**DESCRIPTION OF THE TASK**
Everything in the records is to be written out exactly, except the pictures.

**RECORDS SUPPLIED**
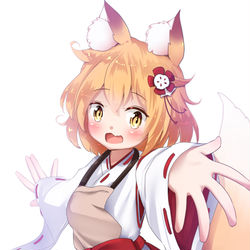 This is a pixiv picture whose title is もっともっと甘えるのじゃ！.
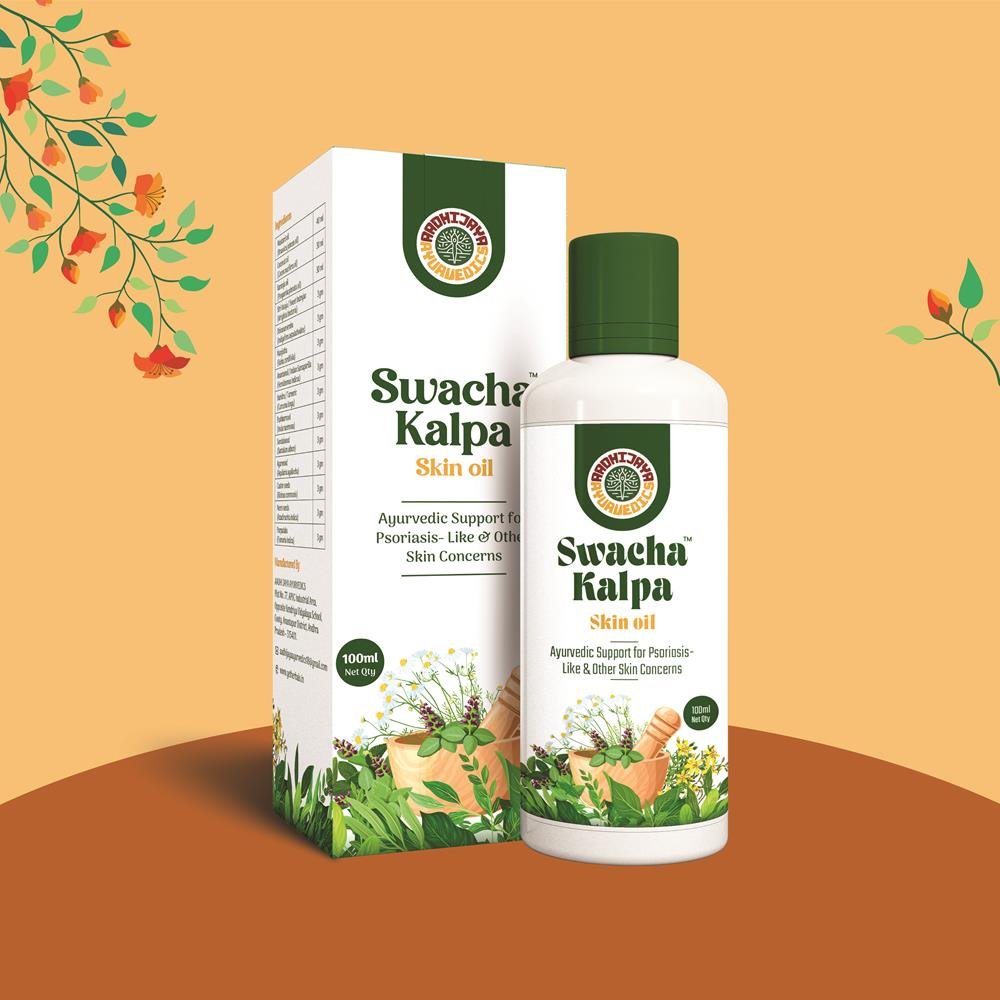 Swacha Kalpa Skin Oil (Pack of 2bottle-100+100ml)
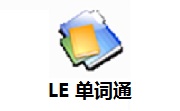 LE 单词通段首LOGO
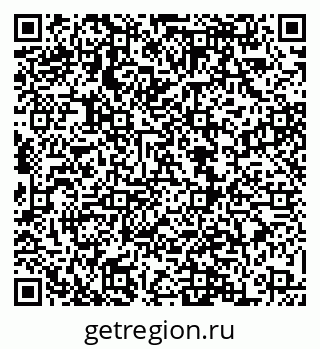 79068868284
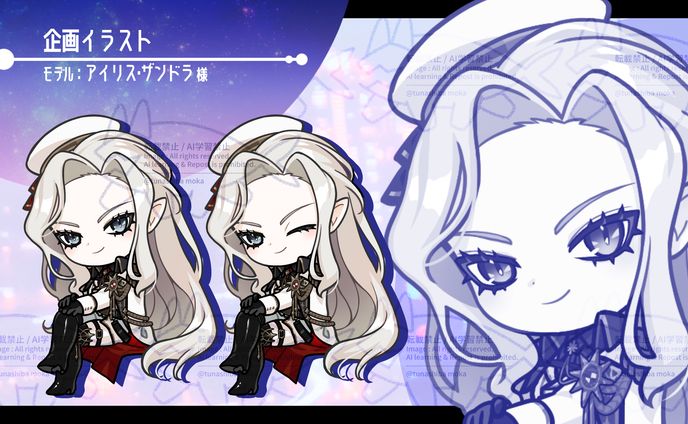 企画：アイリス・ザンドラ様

**EXPECTED OUTPUT**
 This is a pixiv picture whose title is もっともっと甘えるのじゃ！.
 Swacha Kalpa Skin Oil (Pack of 2bottle-100+100ml)
 LE 单词通段首LOGO
 79068868284
 企画：アイリス・ザンドラ様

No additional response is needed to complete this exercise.